** DATA SECTION follows **
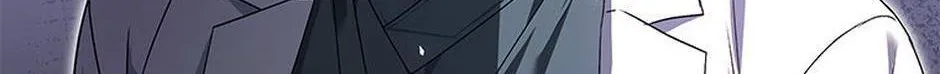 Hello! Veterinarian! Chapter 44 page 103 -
** End of DATA SECTION **
** DATA SECTION follows **
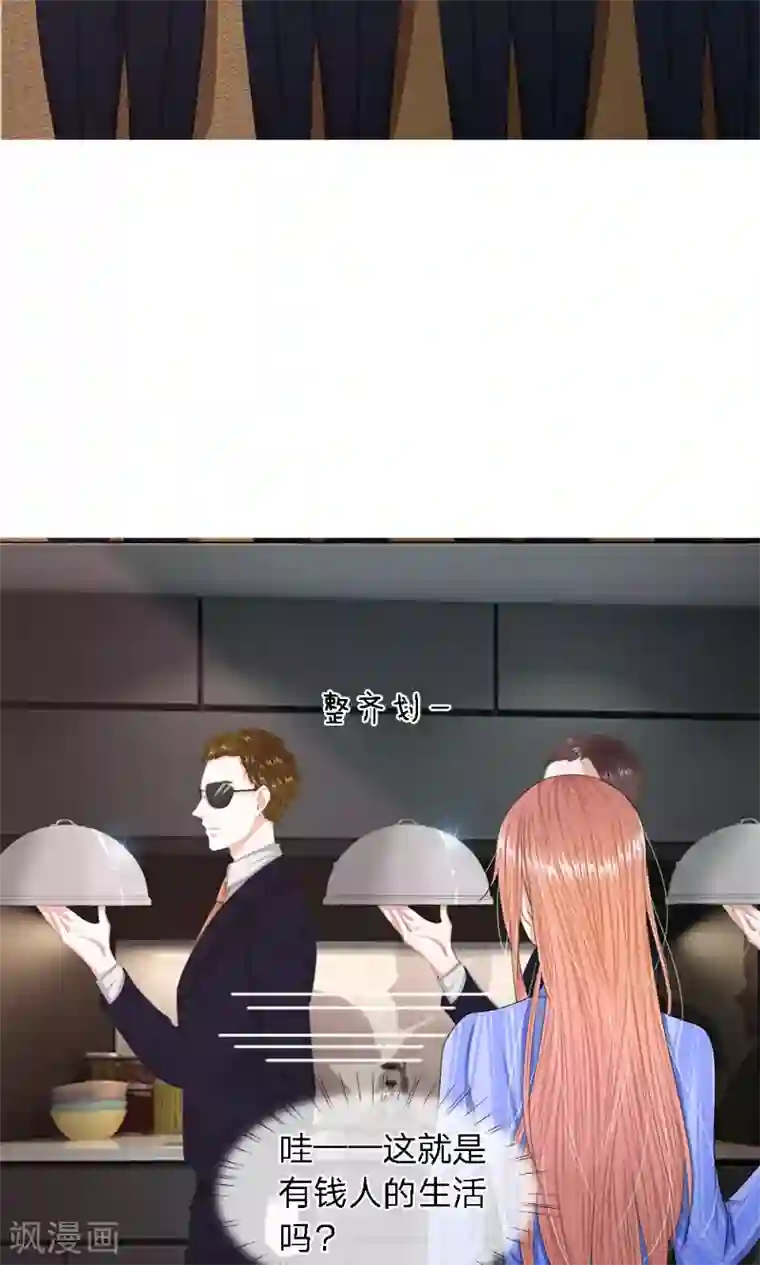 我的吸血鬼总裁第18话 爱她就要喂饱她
** End of DATA SECTION **
** DATA SECTION follows **
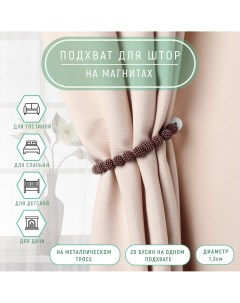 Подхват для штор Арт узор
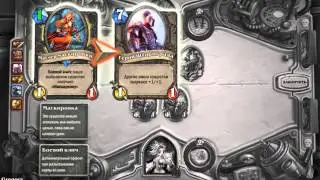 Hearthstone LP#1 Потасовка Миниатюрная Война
** End of DATA SECTION **
Output exactly those lines of the data above that run from the line with "Подхват для штор Арт узор" up to and including the line with "Hearthstone LP#1 Потасовка Миниатюрная Война". No pictures go in.

 Подхват для штор Арт узор
 Hearthstone LP#1 Потасовка Миниатюрная Война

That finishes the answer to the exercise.